The important features of WRS that help to secure its objectives are:
- No guarantees of annual retirement benefit increases and cost of living adjustments;
- Employee choice in contributing to funds with alternative investment styles;
- Provision of a benefit floor; and
- Annual adjustments to benefits above the floor according to investment performance.
In 2012, the WRS undertook policy measures that strengthened the system and reduced employer (and taxpayer) costs, including:
- Increased the creditable service work-hours requirement to 1,200 hours per year for regular employees and 880 hours per year for teachers and employees in education-related jobs;
- Introduced a five-year creditable service vesting period for those hired after June 2011;
- Reduced the benefit-formula factor for certain employee categories; and
- Eliminated contributions by employers of employees’ share of pension contributions.

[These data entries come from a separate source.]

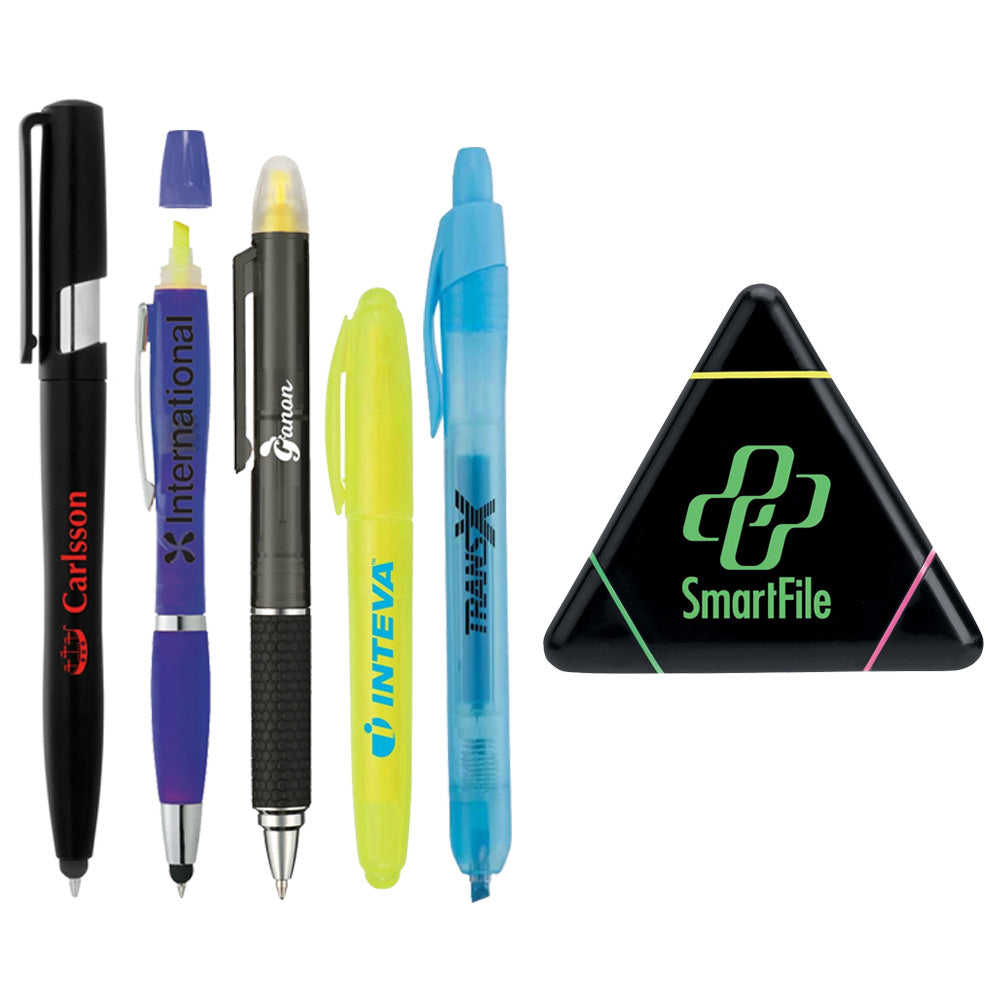 Highlighter and Writing Sets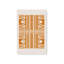 Ensemble de 2 motifs tribaux modernes en orange-199532121-199532123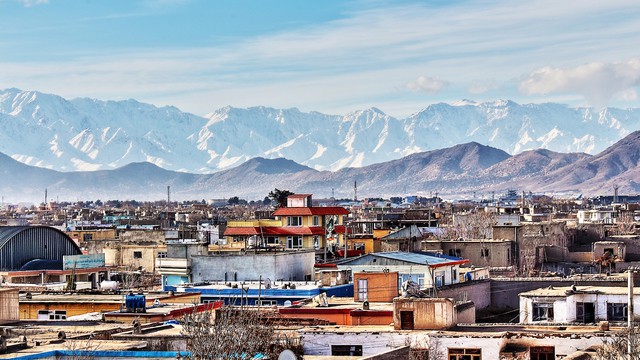 Das Klima von Kabul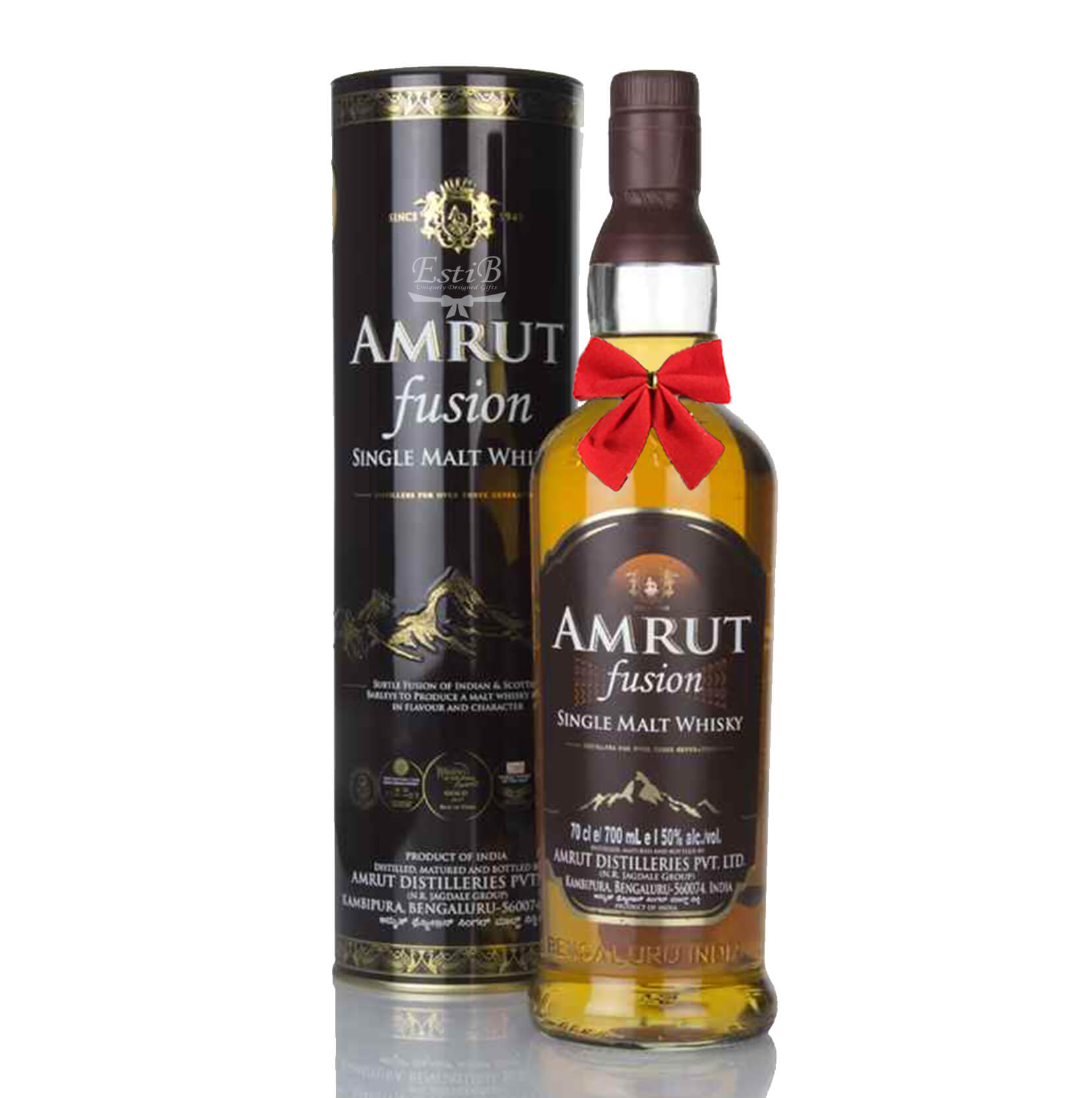 Amrut Fusion 700ml | Walwater Gifts Israel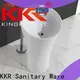KingKonree durable freestanding vanity sink design for hotel 1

The Milwaukee County Employee Retirement System also shifted its policy to require worker contributions after 2000. However, the Milwaukee County system is not as financially secure as WRS; its funding ratio is 87.3 percent, but the plan’s liabilities are discounted at the unrealistically high rate of 8 percent. The system needs reform to restore financial sustainability, possibly including better methods of liability assessment, more conservative investment of assets, asset-liability matching and the introduction of a defined-contribution plan for younger and future employees.
However, Wisconsin’s actuarial liability on account of post-employment health care benefits, which amounts to a significant share of the state’s general revenues, is totally unfunded. Moreover, under the assumptions employed by Wisconsin’s actuaries, the size of the liability reported in the state’s Comprehensive Annual Financial Report appears to be underestimated. Because current contributions (premiums plus state contributions) fall short of the annual required contribution, the taxpayer burden is likely to grow larger over time. A reform that 1) charges higher premiums to retirees, 2) closes the health insurance program to younger and future employees, 3) and shifts young and new employees to a new prefunded system with health saving accounts would be a fiscally sound reform. The sooner it is implemented, the better.